Your task ->
Please output the line containing "Vivienne Westwood Women's" and all lines that follow it in the data below, exactly, with no pictures.

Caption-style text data

>>>

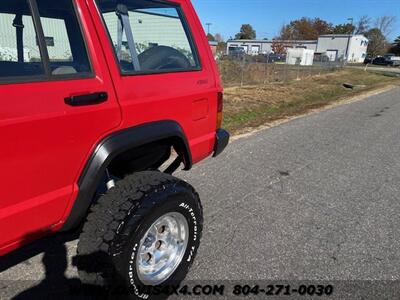 1994 Jeep Cherokee Four Door 4.0L Lifted   - Photo 18 - North Chesterfield, VA 23237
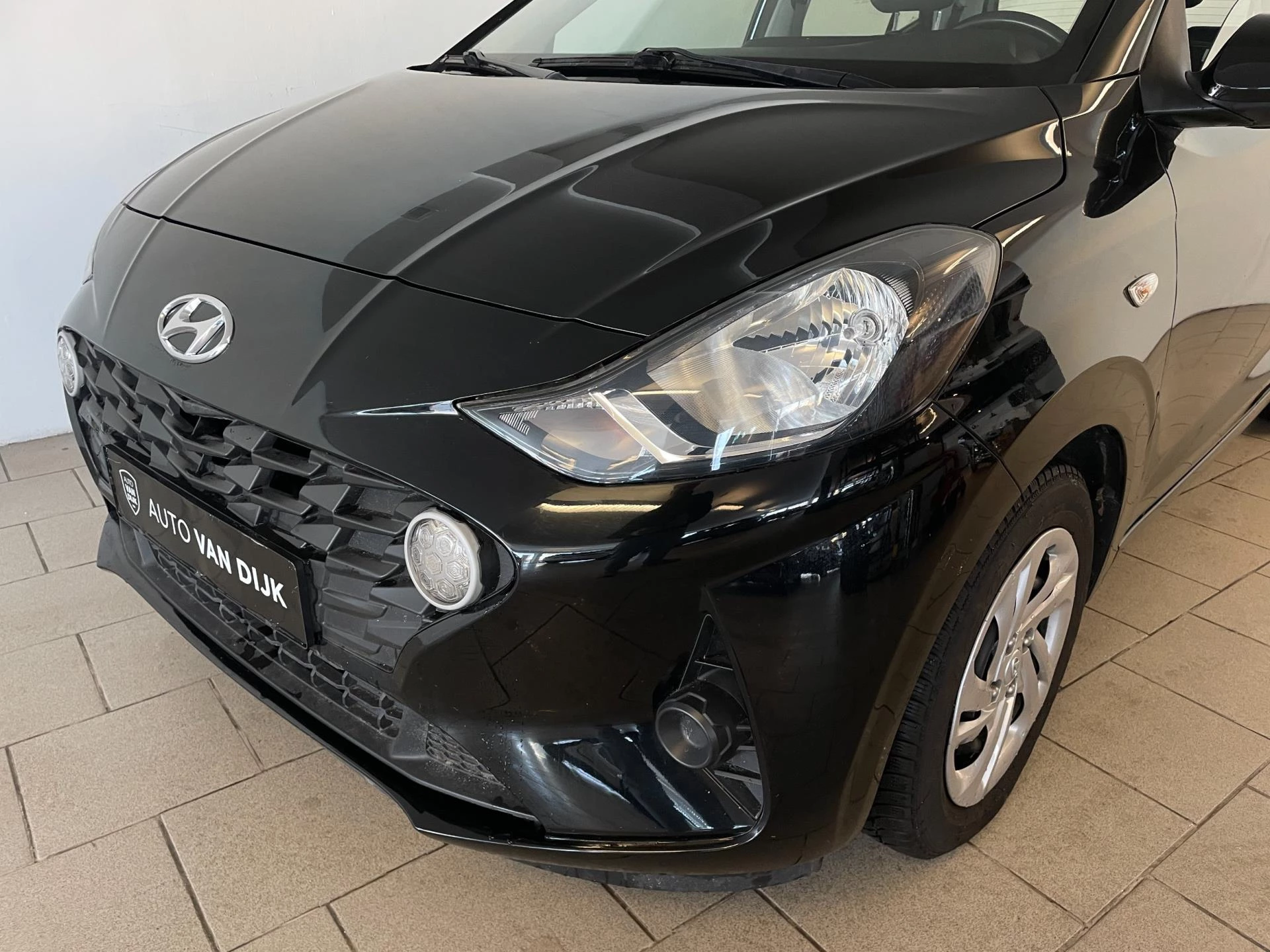 Hoofdafbeelding Hyundai i10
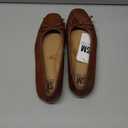 Women's Comfortable Round Toe Ballet Flats Dress Shoes, Size 7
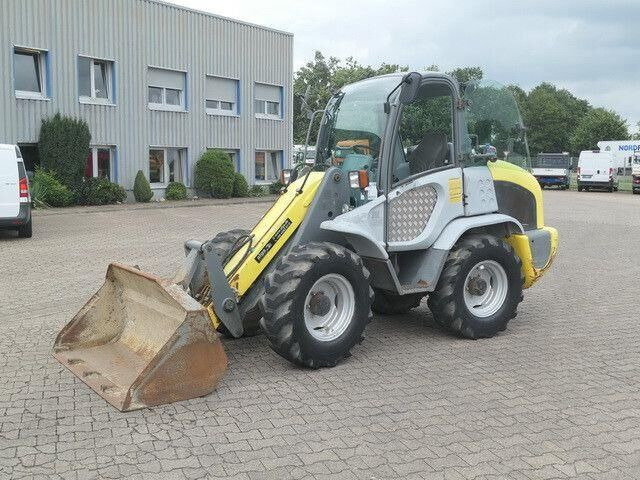 Kramer 341-02 (280), Schaufel, Palettengabel, S.W.S. - Ελαστιχοφόρος φορτωτής: φωτογραφία 5 Kramer 341-02 (280), Schaufel, Palettengabel, S.W.S. - Ελαστιχοφόρος φορτωτής: φωτογραφία 5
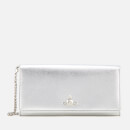 Vivienne Westwood Women's Pimlico Long Wallet with Chain - Silver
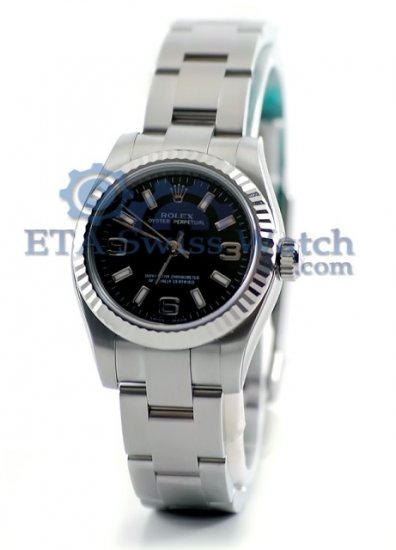 Oyster Perpetual Lady Rolex 176234 - Cliquez sur l'image pour la fermer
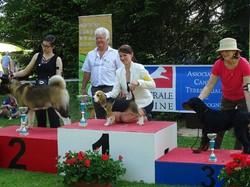 CACS SAINT-AMBREUIL 2018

<<<

Finished exercise ->
 Vivienne Westwood Women's Pimlico Long Wallet with Chain - Silver
 Oyster Perpetual Lady Rolex 176234 - Cliquez sur l'image pour la fermer
 CACS SAINT-AMBREUIL 2018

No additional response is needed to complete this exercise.